Arts & Culture

Review: ‘Inherent Vice’


Joaquin Phoenix in ‘Inherent Vice’
Joaquin Phoenix in ‘Inherent Vice’ Warner Bros.

Inherent Vice, Paul Thomas Anderson’s trippy, trenchant satire, is very much a creature of Thomas Pynchon’s biting deconstruction of the final daze of peace, love and understanding that gives the film its inspiration and its name.

Joaquin Phoenix and the terrific acting ensemble that joins him in this pot-infused ’70s-era beach noir create such a good buzz you can almost get a contact high from watching. A sprawling cast is required for the many vices and various intrigues, with Josh Brolin, Reese Witherspoon, Owen Wilson, Jena Malone and Martin Short as its core, plus Katherine Waterston, actor Sam’s daughter, as the pivotal femme fatale.

After exploring cult mentality along the Eastern Seaboard in The Master, Inherent Vice brings us back to Anderson’s favorite locale: steamy Southern California’s more unsavory sides. It would seem the writer/director intends to work through every layer. Starting with the San Fernando Valley’s porn industry in Boogie Nights (1997), he moved on to love, lust and the seamier side of game shows, again in the Valley, with Magnolia (1999), before circling back to the region’s early oil-boom days in There Will Be Blood (2007). Now he’s one toke over the line and knee-deep in vice.

Trying to pare back Pynchon without killing the joke was the challenge. Anderson has done a remarkable job of replicating the crazy kaleidoscope of crime, dope and raunch the novelist conjured. It is a densely detailed cultural polyglot of real estate machinations, Aryan Brotherhood bikers, dental scams, sex, drugs, dope smoking, detectives and dames. Don’t be fooled by the literary imprint; the intellectual underpinning is certainly there, but this is also a tawdry tale that earns its R rating.

Phoenix, who starred in The Master, is once again Anderson’s main co-conspirator. His Doc Sportello is a Birkenstock-wearing, weed-dispensing private investigator in a thinly masked ’70s-era Manhattan Beach. Its surf culture, dive bars and weathered one-rooms by the month are still firmly entrenched, gentrification not yet an issue. The crafty crew — cinematographer Robert Elswit, production designer David Crank and costume designer Mark Bridges — nail the period details. Nostalgia, like all other forms of sentiment, is never allowed to interfere.

The dame is Shasta Fey Hepworth (Waterston), a tall drink of water who happens to be Doc’s ex, or one of them. These days she’s the mistress of a local land-grabbing developer named Mickey Wolfmann (Eric Roberts). It’s not all that clear whether Shasta’s dropped by Doc’s place for help or confession. Regardless, he gets her tale of woe. She’s been roped into a plot by Wolfmann’s wife (Serena Scott Thomas) and her boy toy to have Wolfmann committed to a high-end insane asylum, leaving them free to split his money.

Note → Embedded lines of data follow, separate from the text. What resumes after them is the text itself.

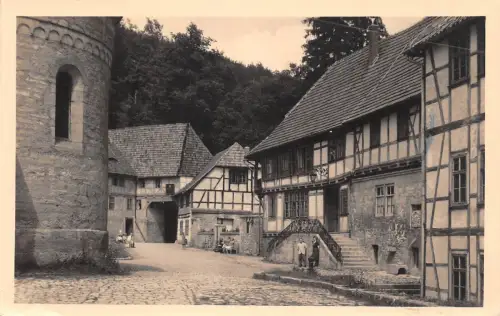 Lengenfeld unterm Stein - Teilansicht Fotokarte gl 178.463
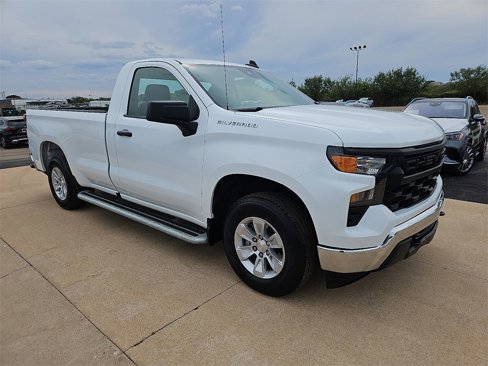 Used 2024 Chevrolet Silverado 1500 W/T w/ WT Fleet Convenience Package image 10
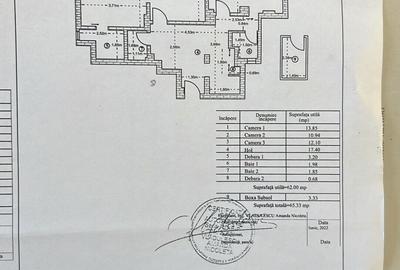 Apartament 2 camere — Intrarea Biserica Albă, Centru București - 1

What — Shasta wonders — does she owe Mickey? Does — Doc wonders — she love the guy? The issue of loyalty and love colliding with self-interest shapes the film and all the players to varying degrees. Complexities and complications are everywhere. Lives and lies overlap, as do the various vices.

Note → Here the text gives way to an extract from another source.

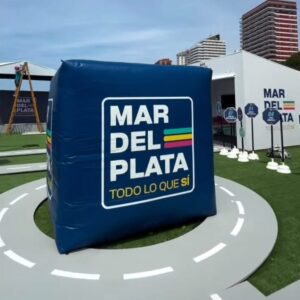 Cartel Mar del Plata - Imagen 1
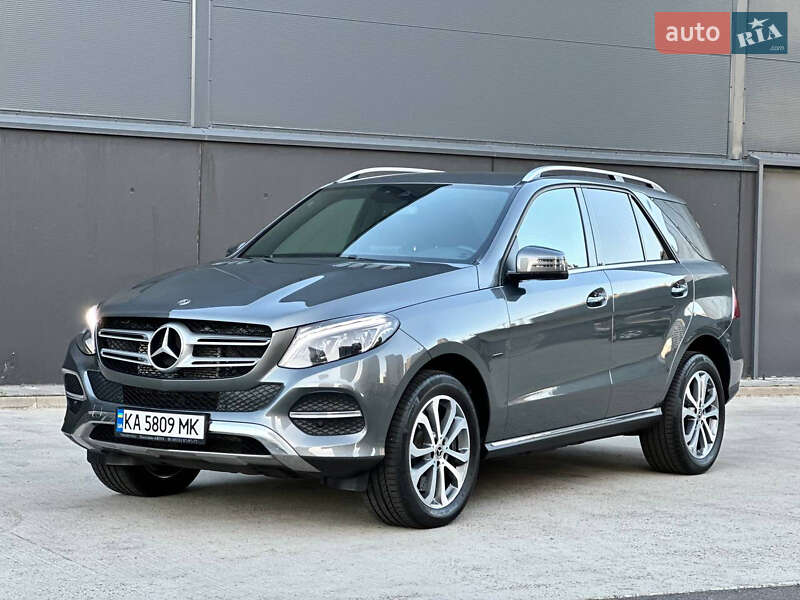 Mercedes-benz Gle-class (2018)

Inherent Vice is Pynchon and Anderson at their funniest, loosest and most accessible. The cast seems to thoroughly enjoy being in on the joke. Maybe it’s all the weed.

Inherent Vice

Director: Paul Thomas Anderson

Cast: Joaquin Phoenix, Josh Brolin, Reese Witherspoon

Rated: R (drug use throughout, sexual content, graphic nudity, strong language, some violence)

Running time: 148 min.

This story was originally published January 8, 2015 at 10:00 AM with the headline "Review: ‘Inherent Vice’."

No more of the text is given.